▶ **Items from a data source**:
※
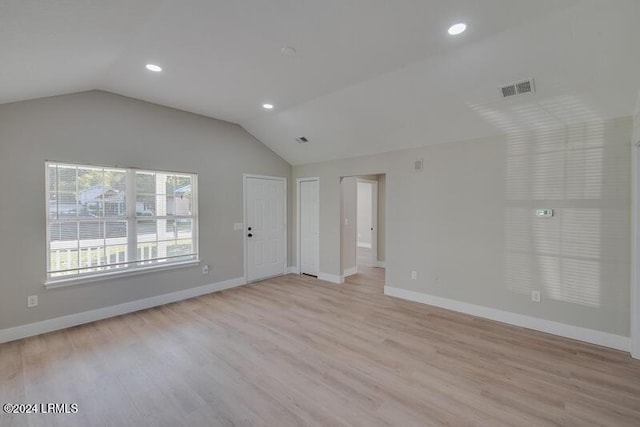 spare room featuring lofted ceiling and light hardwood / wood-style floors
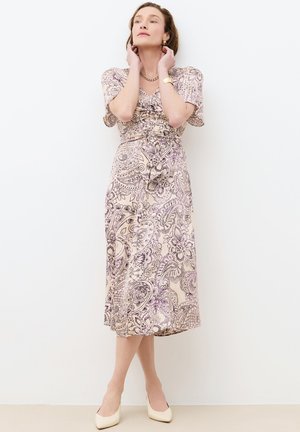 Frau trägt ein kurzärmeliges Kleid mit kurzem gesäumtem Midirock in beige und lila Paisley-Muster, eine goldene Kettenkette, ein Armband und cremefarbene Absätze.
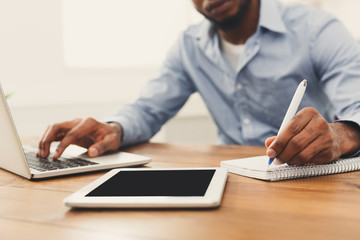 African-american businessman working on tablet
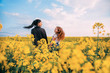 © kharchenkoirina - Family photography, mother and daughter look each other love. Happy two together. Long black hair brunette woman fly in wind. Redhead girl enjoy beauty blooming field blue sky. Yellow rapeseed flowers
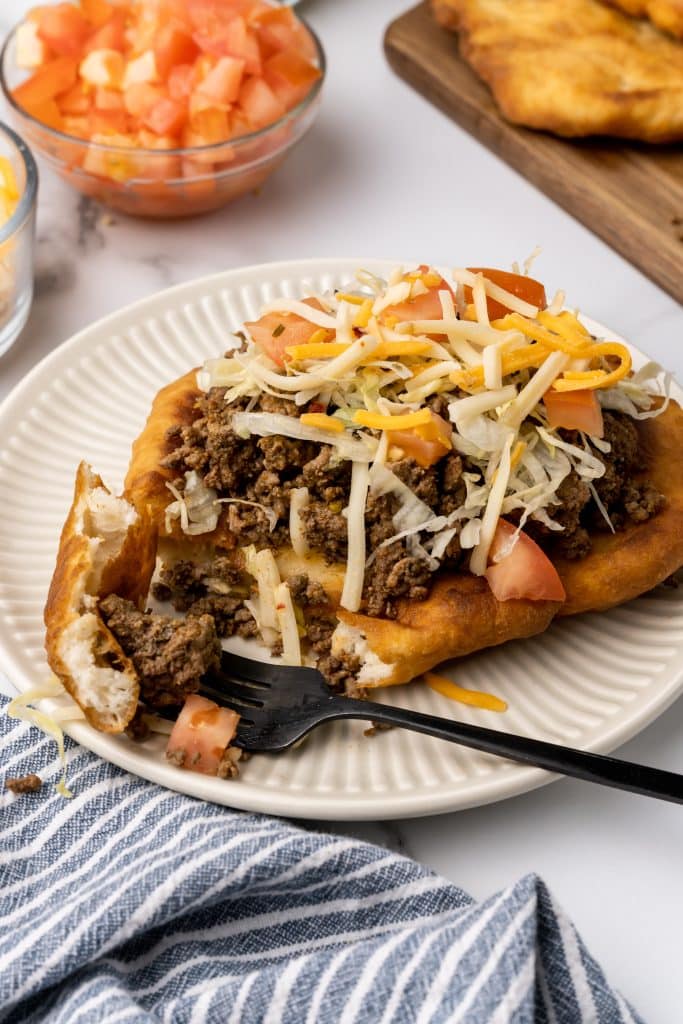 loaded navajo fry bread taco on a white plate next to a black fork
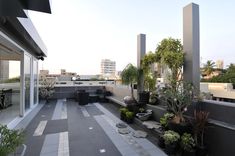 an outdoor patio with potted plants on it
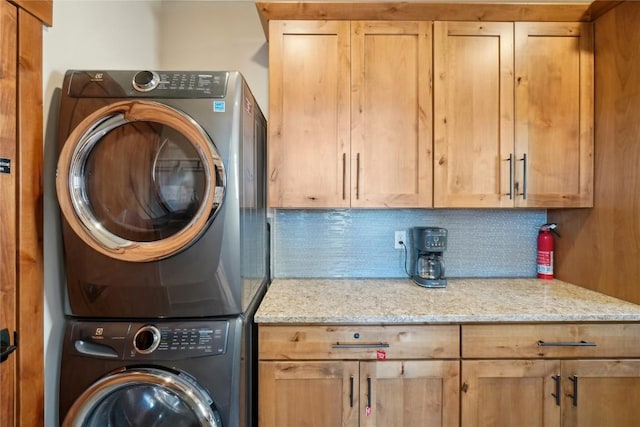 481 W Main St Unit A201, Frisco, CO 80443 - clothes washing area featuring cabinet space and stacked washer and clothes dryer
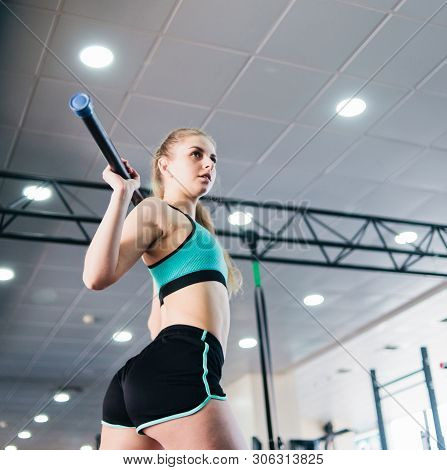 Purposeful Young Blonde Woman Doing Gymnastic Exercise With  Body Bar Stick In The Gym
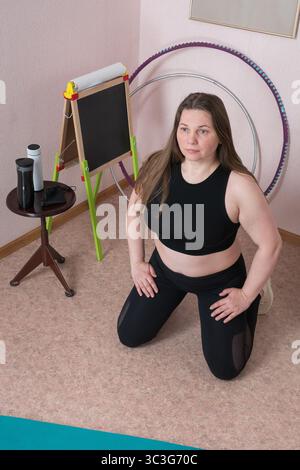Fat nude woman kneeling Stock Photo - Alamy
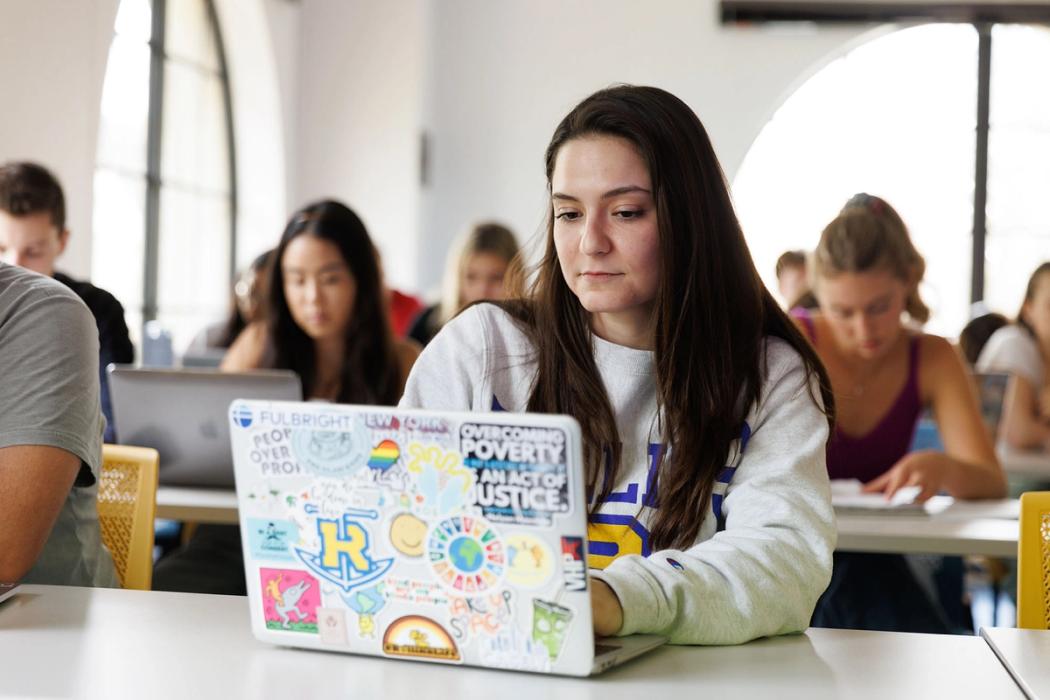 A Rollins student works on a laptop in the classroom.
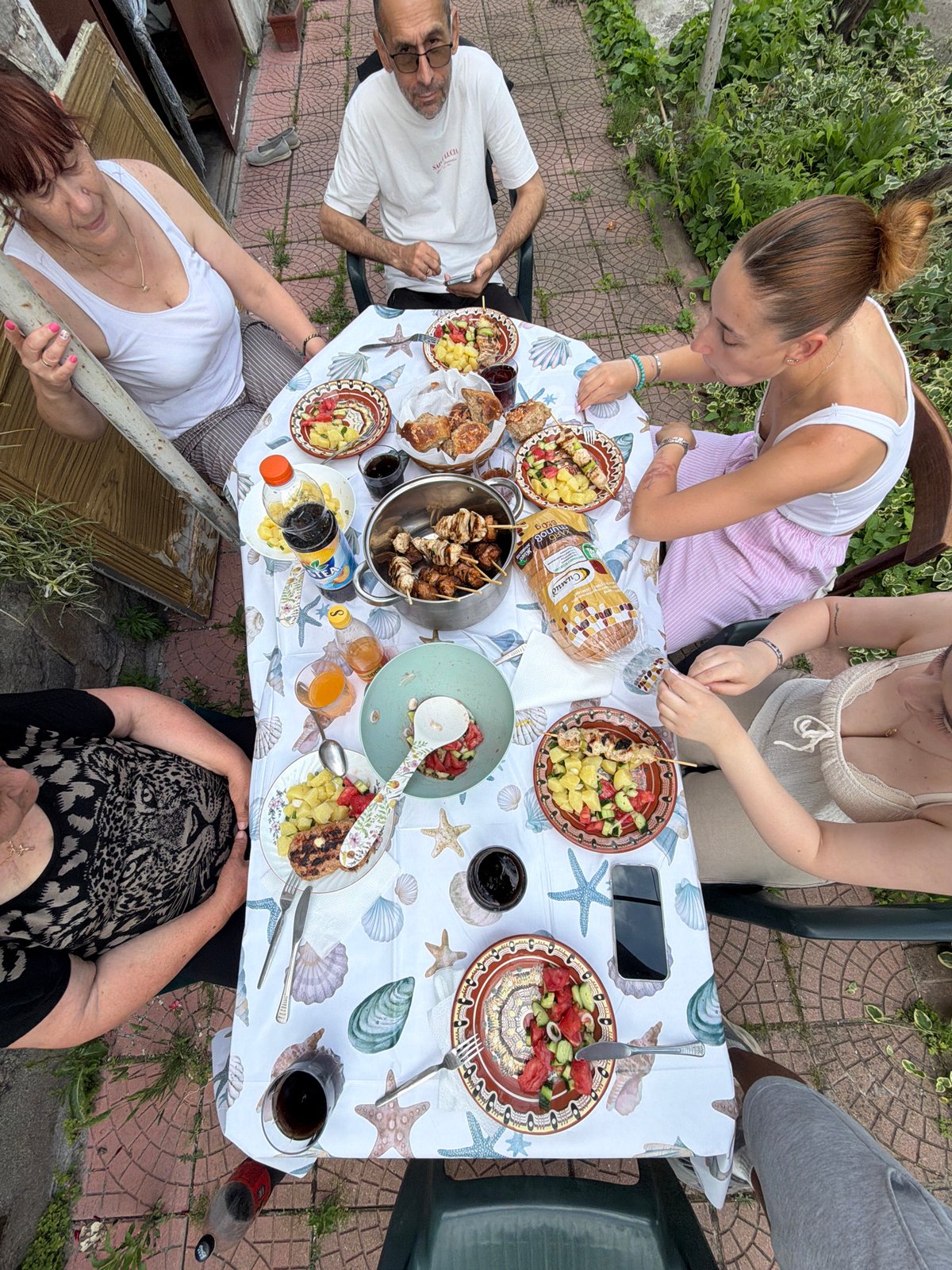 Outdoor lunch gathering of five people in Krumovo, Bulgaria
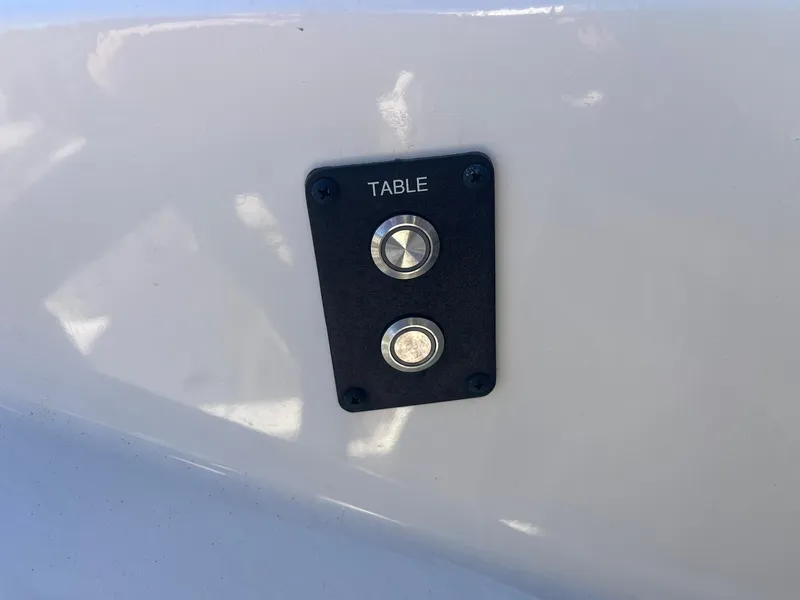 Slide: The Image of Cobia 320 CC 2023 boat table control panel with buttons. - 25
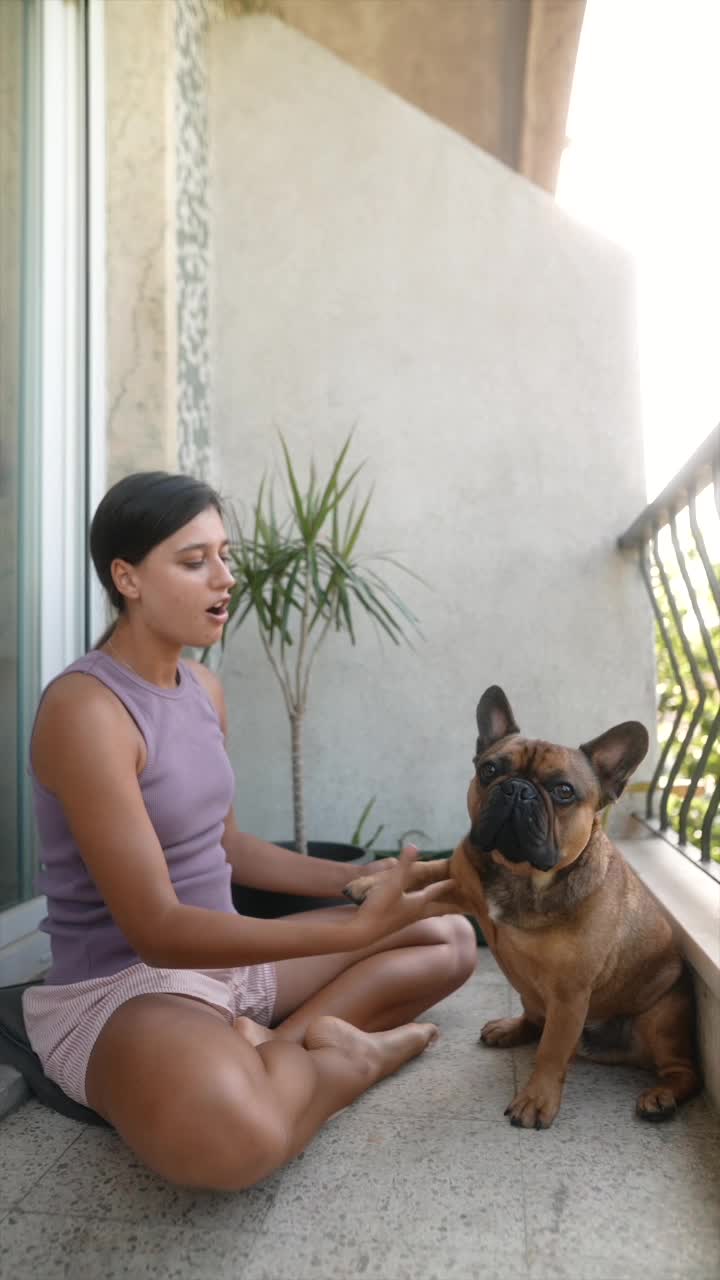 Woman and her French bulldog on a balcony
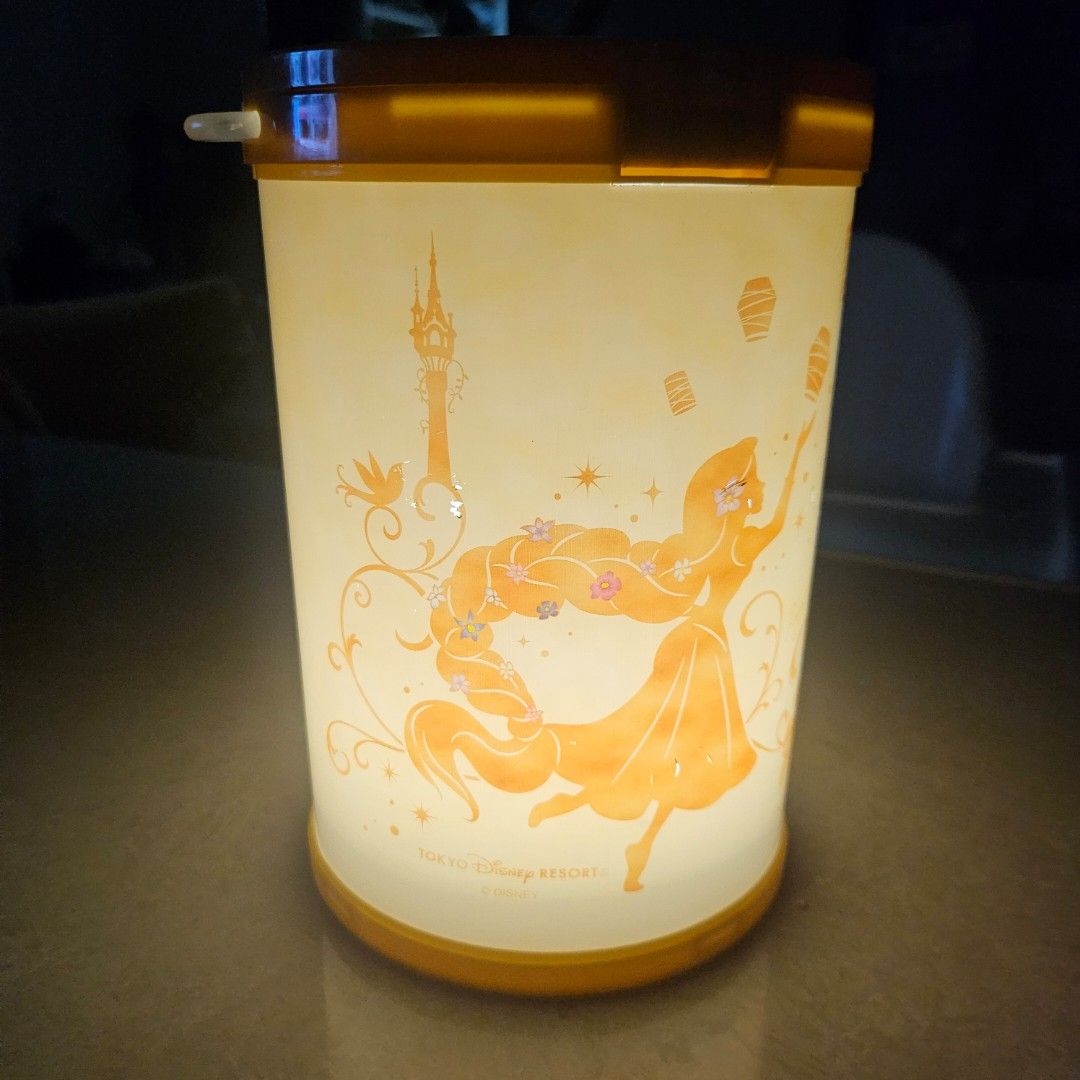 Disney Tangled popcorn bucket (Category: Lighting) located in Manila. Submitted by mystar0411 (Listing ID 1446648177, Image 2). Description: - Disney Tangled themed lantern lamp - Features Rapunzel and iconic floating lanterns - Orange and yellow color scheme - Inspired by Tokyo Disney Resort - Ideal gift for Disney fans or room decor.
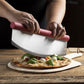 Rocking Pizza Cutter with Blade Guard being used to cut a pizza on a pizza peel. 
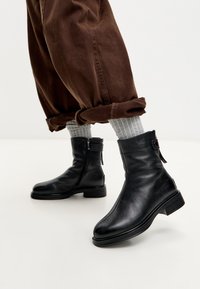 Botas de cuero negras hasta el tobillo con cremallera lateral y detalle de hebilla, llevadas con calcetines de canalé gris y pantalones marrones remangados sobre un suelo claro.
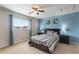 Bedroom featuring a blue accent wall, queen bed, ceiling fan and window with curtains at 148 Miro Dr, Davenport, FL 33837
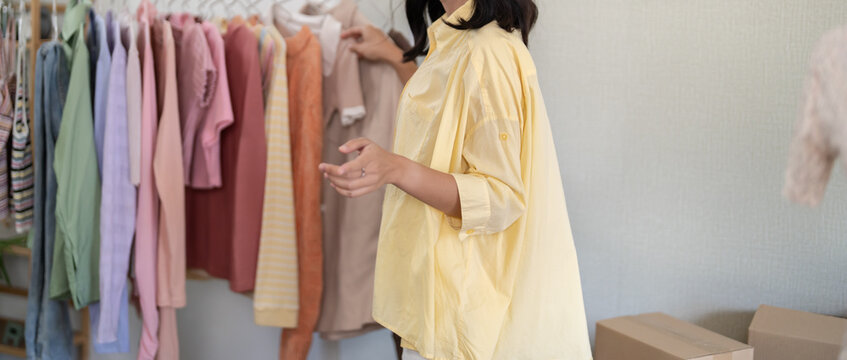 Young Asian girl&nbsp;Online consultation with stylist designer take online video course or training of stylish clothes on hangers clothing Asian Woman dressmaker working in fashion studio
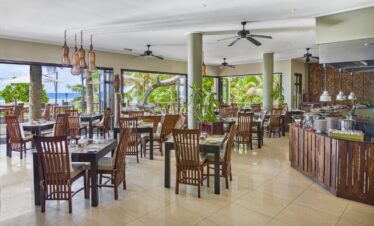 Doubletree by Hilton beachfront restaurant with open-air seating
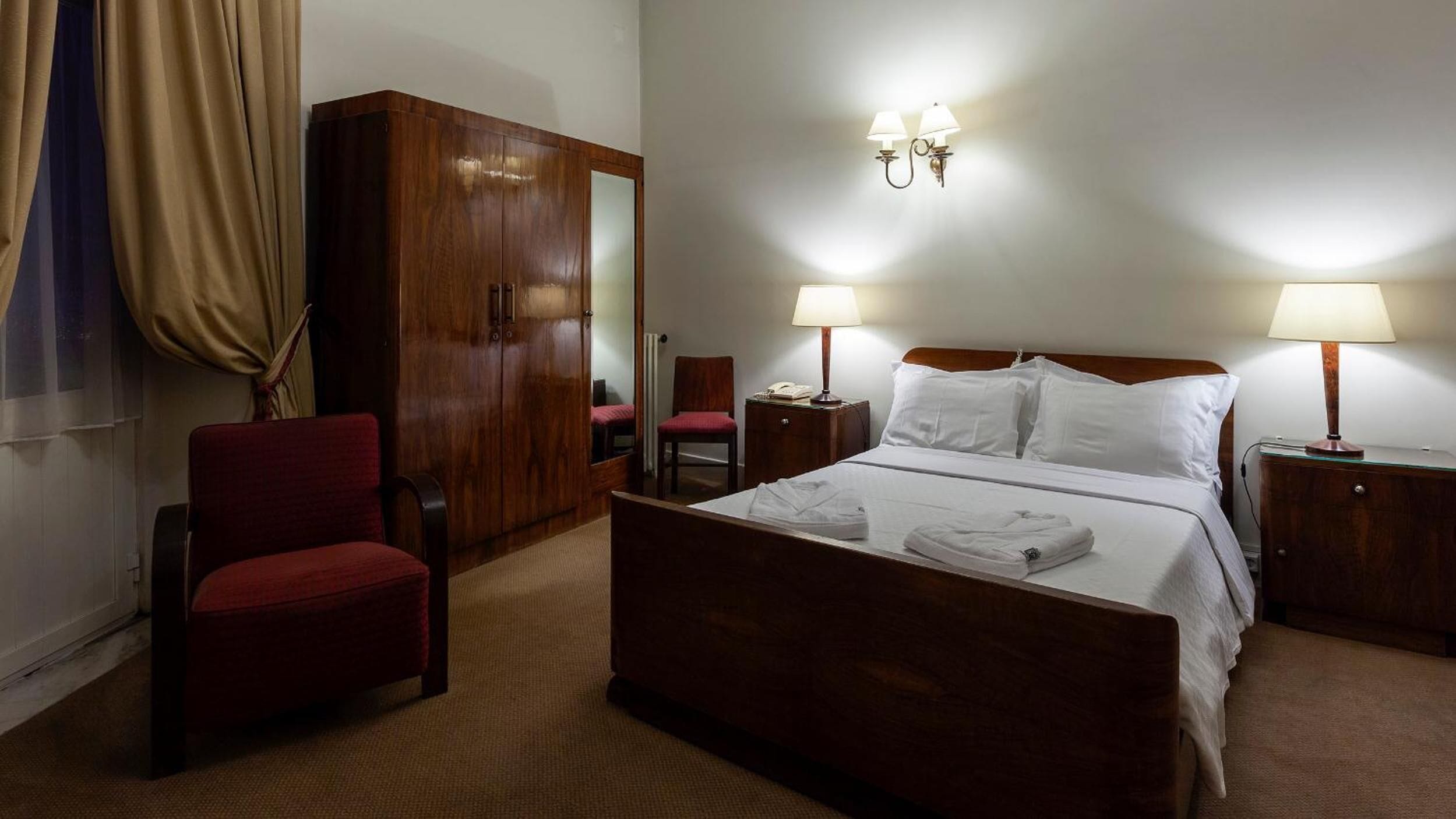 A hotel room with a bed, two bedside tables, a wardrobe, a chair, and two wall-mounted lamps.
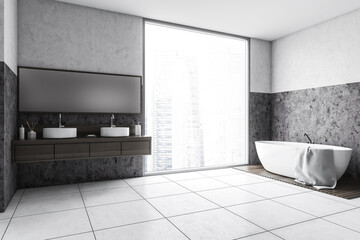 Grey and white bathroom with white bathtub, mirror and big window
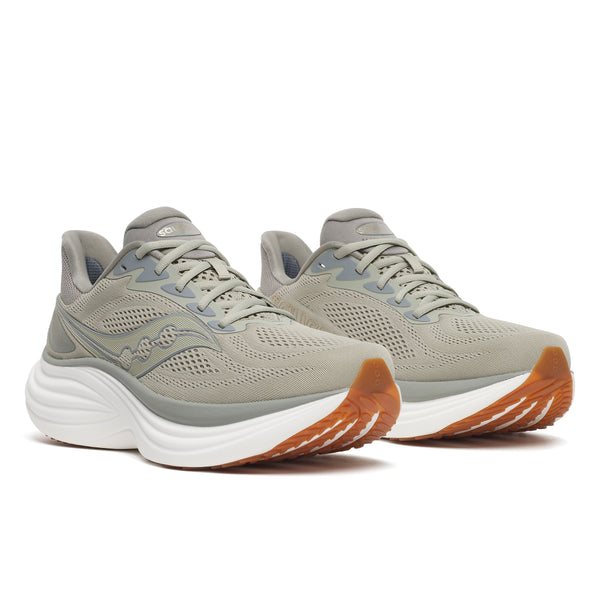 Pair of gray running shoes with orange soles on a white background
※
In your copy, include every record word for word but no pictures.

 spare room featuring lofted ceiling and light hardwood / wood-style floors
 Frau trägt ein kurzärmeliges Kleid mit kurzem gesäumtem Midirock in beige und lila Paisley-Muster, eine goldene Kettenkette, ein Armband und cremefarbene Absätze.
 African-american businessman working on tablet
 © kharchenkoirina - Family photography, mother and daughter look each other love. Happy two together. Long black hair brunette woman fly in wind. Redhead girl enjoy beauty blooming field blue sky. Yellow rapeseed flowers
 loaded navajo fry bread taco on a white plate next to a black fork
 an outdoor patio with potted plants on it
 481 W Main St Unit A201, Frisco, CO 80443 - clothes washing area featuring cabinet space and stacked washer and clothes dryer
 Purposeful Young Blonde Woman Doing Gymnastic Exercise With  Body Bar Stick In The Gym
Fat nude woman kneeling Stock Photo - Alamy
 A Rollins student works on a laptop in the classroom.
 Outdoor lunch gathering of five people in Krumovo, Bulgaria
 Slide: The Image of Cobia 320 CC 2023 boat table control panel with buttons. - 25
 Woman and her French bulldog on a balcony
 Disney Tangled popcorn bucket (Category: Lighting) located in Manila. Submitted by mystar0411 (Listing ID 1446648177, Image 2). Description: - Disney Tangled themed lantern lamp - Features Rapunzel and iconic floating lanterns - Orange and yellow color scheme - Inspired by Tokyo Disney Resort - Ideal gift for Disney fans or room decor.
 Rocking Pizza Cutter with Blade Guard being used to cut a pizza on a pizza peel. 
 Botas de cuero negras hasta el tobillo con cremallera lateral y detalle de hebilla, llevadas con calcetines de canalé gris y pantalones marrones remangados sobre un suelo claro.
 Bedroom featuring a blue accent wall, queen bed, ceiling fan and window with curtains at 148 Miro Dr, Davenport, FL 33837
 Young Asian girl&nbsp;Online consultation with stylist designer take online video course or training of stylish clothes on hangers clothing Asian Woman dressmaker working in fashion studio
 Doubletree by Hilton beachfront restaurant with open-air seating
 A hotel room with a bed, two bedside tables, a wardrobe, a chair, and two wall-mounted lamps.
 Grey and white bathroom with white bathtub, mirror and big window
 Pair of gray running shoes with orange soles on a white background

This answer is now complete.